How “Woke” Culture Is Anti-Biblical

July 21, 2021

In November 1957, towards the beginning of Martin Luther King, Jr.'s leadership of the civil rights movement, he delivered a sermon at the Dexter Avenue Baptist Church in Montgomery, Ala. In describing the biblical importance of loving one's enemies, he said this:

[W]hen you come to the point that you look in the face of every man and see deep down within him what religion calls "the image of God," you begin to love him in spite of. No matter what he does, you see God's image there. There is an element of goodness that he can never slough off. Discover the element of good in your enemy. And as you seek to hate him, find the center of goodness and place your attention there and you will take a new attitude.

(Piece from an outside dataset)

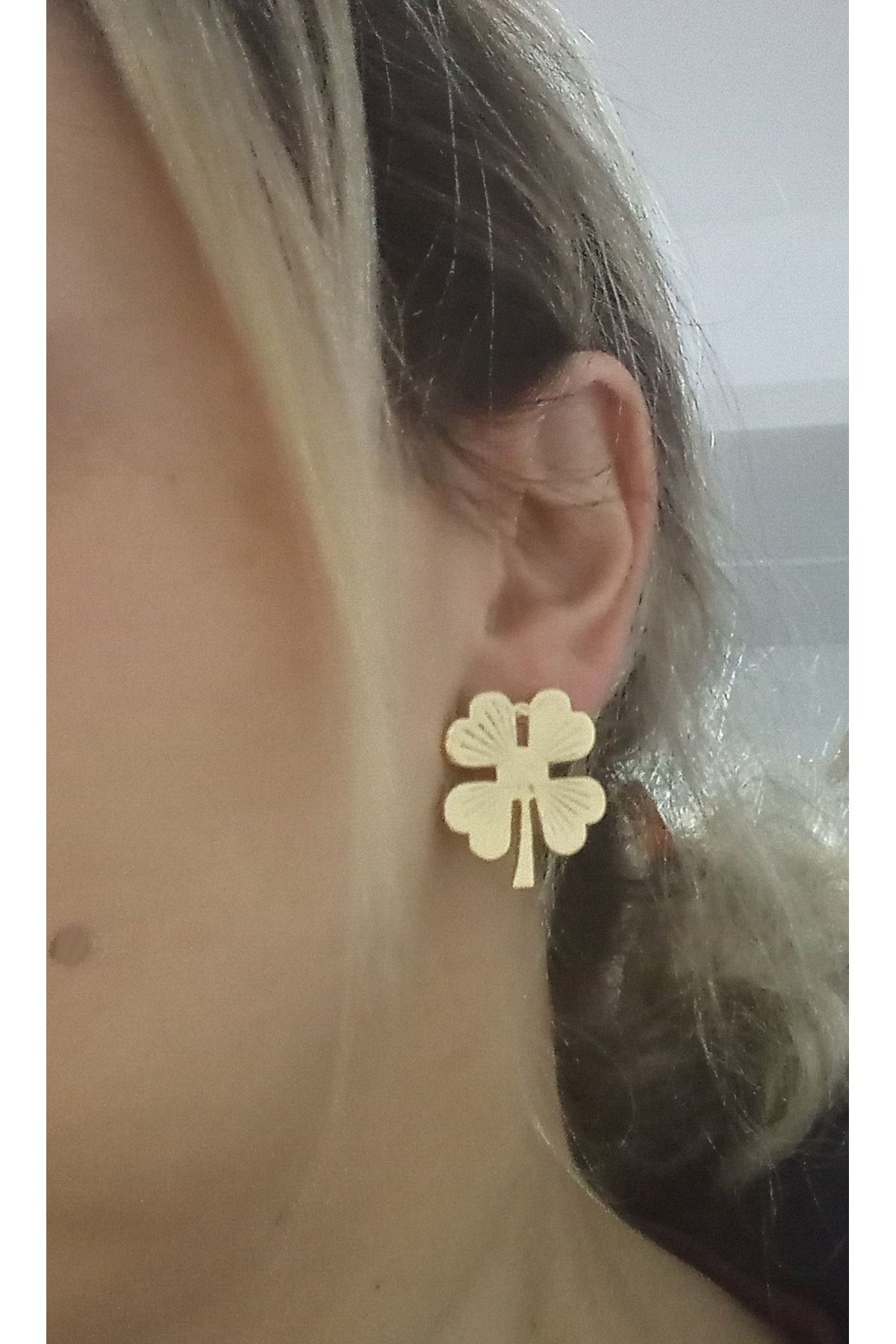Gold Yonca Kadın Küpe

This profound message of reconciliation, rooted in the gospel, was at the heart of King's monumental "I Have a Dream" speech in the summer of 1963 that laid down the foundations of what race relations in America should strive for.

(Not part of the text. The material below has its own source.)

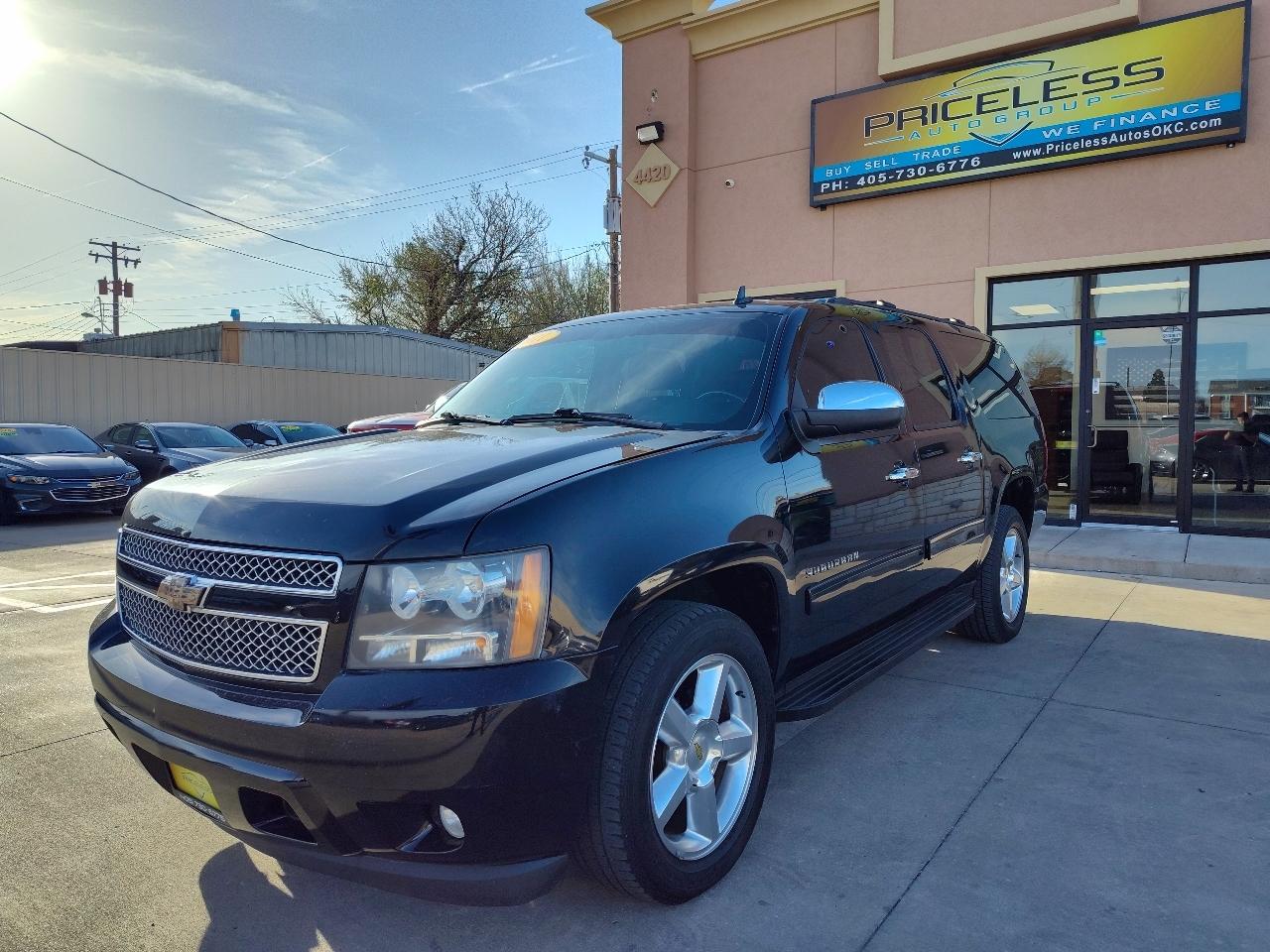 Chevrolet Suburban LT 1500 2011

Ever since the end of segregation and Jim Crow laws and the signing of the landmark Civil Rights Act of 1964, the road to racial reconciliation and progress for black people in America has steadily improved. In the 50 years since then, black people have seen a 60 percent increase in high school graduation, a 20 percent increase in college graduation, a poverty rate that has been cut in half, a record low unemployment rate, a 1,325 percent increase in members of Congress, a twice elected president and a sitting vice president of the United States, and almost universal agreement among all races on the positive impact of the Civil Rights Act, to name just a few indicators of progress.

To borrow a phrase from an old tag line, "You've come a long way, America."

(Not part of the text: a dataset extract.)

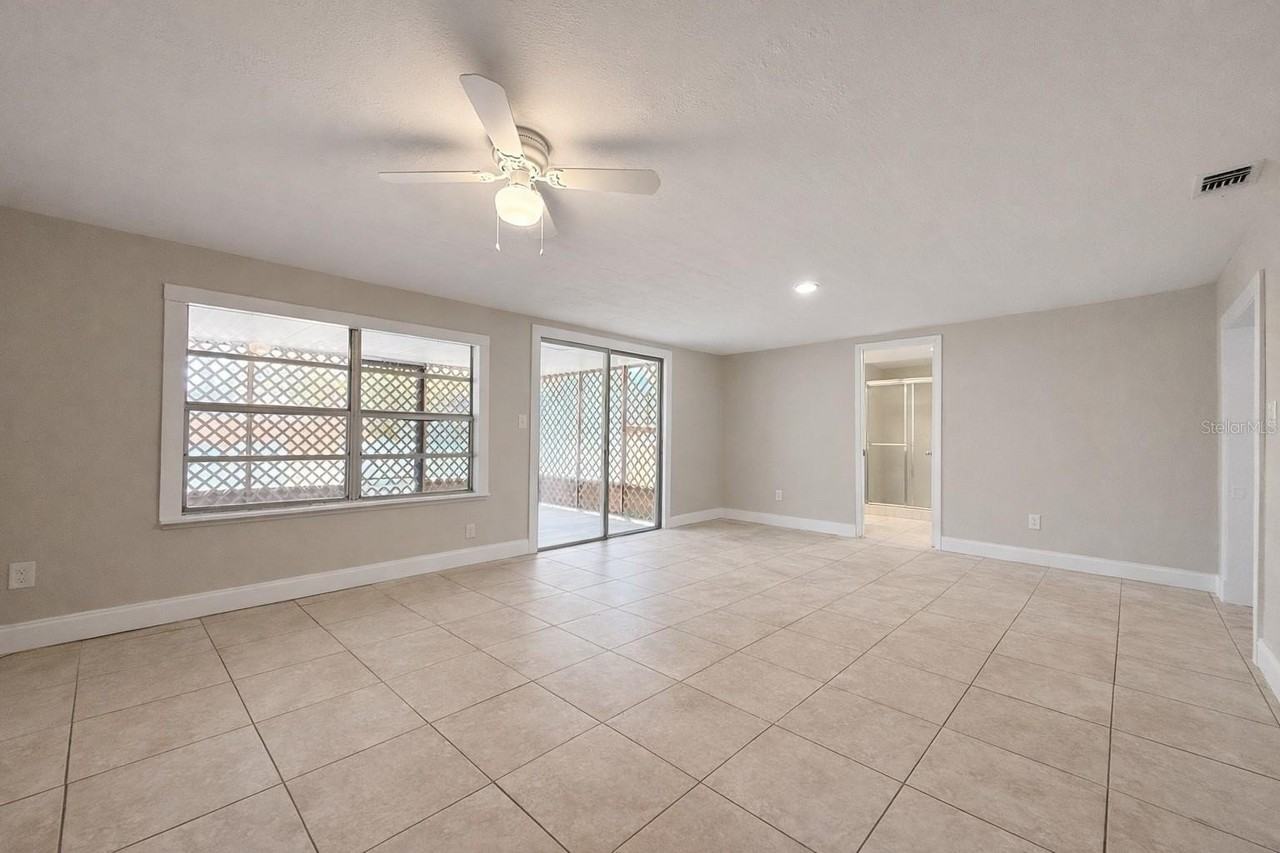 7018 54th Ave N - Photo 6 of 19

However, over the last year, views on race in America seem to have gone haywire. The idea of "wokeness" -- believing that America is, as we speak, a "systemically racist" country -- has steadily pervaded almost every corner of American public life, from academia to corporations to the mainstream media. Even professional sports have succumbed, much to the dismay of fans. Perhaps even more concerning are signs that "wokeness" is now hijacking the gospel and is creeping its way into churches across America.

Owen Strachan, Senior Fellow at FRC's Center for Biblical Worldview, joined "Washington Watch" to discuss his latest book Christianity and Wokeness: How the Social Justice Movement is Hijacking the Gospel -- and the Way to Stop It. He related examples of what is happening in our culture.

"When you are told that white people are 'white supremacists,' you are hearing wokeness talking," Strachan said. "When you had, for example, a LinkedIn training session some time ago that asserted that white people should try to be less white, that was woke teaching. When you hear people say that white people have 'white privilege,' that's wokeness. When you hear a critique of 'heteronormative capitalist sexist white oppression' in any form, you are hearing wokeness talking."

As Strachan went on to observe, what has become clear from this movement is the central role that guilt plays in advancing its cause.

"Guilt is absolutely the currency of wokeness," he underscored. "It really is targeting white people. It wants white people to feel tremendous guilt for past evils. And those are real evils, things like slavery and Jim Crow law, things that no person in their sane mind is going to support. But wokeness says the past is not the past. Basically, the crimes of yesterday burn today. You can smell them in the air ... we need to impute guilt to white people today because their whiteness implicates them in this whole systemic order of racism. And if we can successfully make them feel guilty, then we will advance our ideas and we will succeed in flipping the culture, which is really what this movement is about. It's not about promoting true unity in the gospel of Jesus Christ ... it's about making predominantly white people feel guilty for being white and then mobilizing that guilt to leftist social ends."

Strachan made it clear that the leftist tactics being used by the woke movement fly in the face of any semblance of a diverse, civilized society, and that the gospel is the only way out of the mess we're in.

"What I make clear in my new book Christianity and Wokeness is that [rioting] isn't going to work for our culture. Arson is not a strategy for the public square, nor is it going to work in the church. This is not going to produce unity. This is not going to produce peace. This is not going to produce healing. This system produces division, resentment, and alienation; where[as] when you go to Scripture, when you go to truth, when you go to the gospel of grace, that's where you actually can now find forgiveness and oneness and unity."